Noticed the earlier replies came from folks driving Dodges... and I'm not totally convinced this site is free of trolls... so I will give you the perspective of a fellow who owns and runs a '91 Ford diesel and has upped its power by adding a turbo, new injectors, and injector pump refurb.
My standard load is a 10,000 pound horse trailer, right up against what Ford rated my truck's GCWR at back in '91. Before moving to California for graduate school, I pulled from Macon to past Tampa and back at 75-80 on all but the longer/steeper hills. Lots of runs between GA-FL to horse races with no trouble or lack of power. Acceleration is adequate with the turbo... good enough to merge safely and much better than before the turbo went on.
Before deciding to add the turbo, I priced a Cummins swap for my truck at $12,000 after I made the required air conditioning changeover and other changes that were needed for the trans to mate with the Cummins engine. I decided it just isn't worth the sawing and other mods you'd have to do, and the price was outrageous. If I really wanted a Cummins, which I don't, I could have bought the whole truck, used, for not much more than $12,000.
The 7.3 is a good engine and you can turbo, exhaust, and add a transmission performance module for $3000 if you do the work yourself.
Check out
www.ford-cummins.com for swap details... pricey and not necessarily better than a turbo'd 7.3 with appropriate supporting mods in my experience.
A couple of us are working on 400+hp, 850+ torque 7.3L IDI rebuilds for our trucks... we'll sort out the difficulties sooner or later and hopefully that'll provide a good path for others wishing to get performance out of their trucks. Those numbers are downrated from what is possible... need the engine to last.
There are folks with considerable knowledge on BOMBING the IDI engines. Ken at Diesel Performance Specialists and a couple of us on thedieselstop.com.
Elsewhere in this thread I read someone's post about EGTs being high with turbos on a 7.3 I have run my EGTs to about 1200 on longer hills before backing out of the truck to keep things cool while pulling my horses, 10,000+ pounds. BUT EGTs running hot have HARDLY been a troublesome issue. Slowing down 2-5 mph up that hill never has failed to cool things off... and I won't hit 1200 on any but the longer hills.
Performancewise, I pulled 6500 pounds of car, trailer, and gear from Macon, GA to Monterey, CA in the heat of last SUMMER and didn't have any EGT problems... but did have to slow down to keep the truck cool near Flagstaff, AZ and in some of the CA mountains.
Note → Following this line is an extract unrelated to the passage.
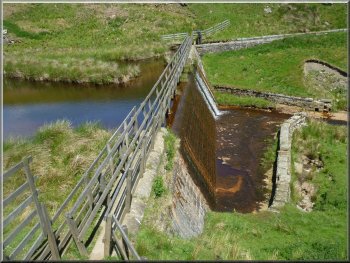 Silt trap dam across the R. Nidd inlet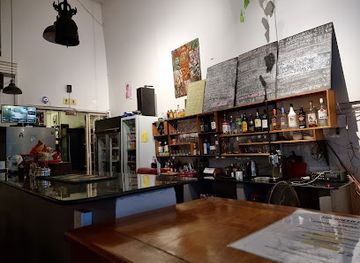 cambodia/kampot-province/bar/the-green-room-kampot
Not for lack of power, but for cooling.
No big deal. Semis have to slow down to keep temps cool, too. I was running with the semis through NM/AZ at 85-95mph, no sweat. Caught unloaded 4-bangers up long hills in CA. Had the attention of one semi driver who was wondering aloud how an IDI just passed him on the CB.
Bottom line... I'd suggest your friend consider putting a Banks, ATS, or Hypermax turbo on his truck. He should do a compression check on the engine first, then a Blackstone oil analysis, before spending the money on the turbo.
I turbo'd with 190,000 miles and have never looked back. Latest Blackstone engine oil analysis came up clean despite more than 4,000 towing miles and 5 months on the oil I sent for the sample.
Not trying to be offensive, but from the replies I saw here it looks like a couple fellows who replied may not have experience working with hopped up IDIs. Just trying to give you some knowledge based on my own experience with my truck since adding the turbo and other mods.
If I were you I'd go to thedieselstop.com and check the IDI forums out there. LOTS of honest information there that this site just doesn't have yet because it is brand new and may not have the experienced heads tuned in yet. Posts date back several years... so you can get lots of good, honest information based on folks' experience--not their suppositions/assumptions.